Alan Waddams told the Azerbaijani ANS TV channel that EU representatives, currently on a visit to Turkmenistan, said Ashgabat had agreed to export gas to Europe via Nabucco, but if the Turkmen side changed its mind, then Iran could step in as an alternative.
The $7-8 billion Nabucco pipeline, backed by the EU and the U.S., is expected to link energy-rich Central Asia to Europe through Turkey, Bulgaria, Romania, Hungary and Austria.
The European diplomat said Turkmen President Gurbanguly Berdymukhammedov announced at the meeting his agreement for gas exports.

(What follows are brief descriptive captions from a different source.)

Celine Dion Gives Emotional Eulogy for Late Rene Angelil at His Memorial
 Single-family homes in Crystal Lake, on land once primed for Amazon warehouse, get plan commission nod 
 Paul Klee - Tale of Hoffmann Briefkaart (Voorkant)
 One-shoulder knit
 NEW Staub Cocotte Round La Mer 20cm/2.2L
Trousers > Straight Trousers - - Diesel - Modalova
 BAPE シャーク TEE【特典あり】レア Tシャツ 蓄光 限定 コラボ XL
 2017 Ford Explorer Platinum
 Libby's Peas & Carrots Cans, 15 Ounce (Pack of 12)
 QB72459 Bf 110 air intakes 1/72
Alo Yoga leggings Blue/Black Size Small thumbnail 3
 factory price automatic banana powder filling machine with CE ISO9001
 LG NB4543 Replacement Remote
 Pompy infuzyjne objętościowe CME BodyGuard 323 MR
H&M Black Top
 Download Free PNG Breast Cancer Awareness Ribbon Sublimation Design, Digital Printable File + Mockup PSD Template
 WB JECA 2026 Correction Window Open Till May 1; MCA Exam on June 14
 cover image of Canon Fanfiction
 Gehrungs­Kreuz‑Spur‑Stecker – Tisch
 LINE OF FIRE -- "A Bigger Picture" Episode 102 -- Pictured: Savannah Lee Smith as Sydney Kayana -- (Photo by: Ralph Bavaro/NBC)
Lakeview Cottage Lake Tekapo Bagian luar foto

Some experts say that without the support of Turkmenistan, a major natural gas producer in Central Asia, the Nabucco project is unrealistic.
Construction on the pipeline with a projected annual capacity of between 20 and 30 billion cubic meters has been tentatively scheduled to begin in 2010.
Azerbaijan, Iran, Turkmenistan and, more recently, Iraq have been seen as possible suppliers for the project. Iraq is being backed by the United States.
Russia is skeptical about the successful implementation of the Nabucco pipeline in the near future citing insufficient gas supplies.
In what was widely seen as a major blow to the Nabucco project, Russia, Turkmenistan and Kazakhstan signed a deal in December to supply the Asian states' Caspian gas via Russia. Moscow also reached deals with Bulgaria and Serbia earlier this year on the South Stream pipeline to pump Central Asian gas to Europe.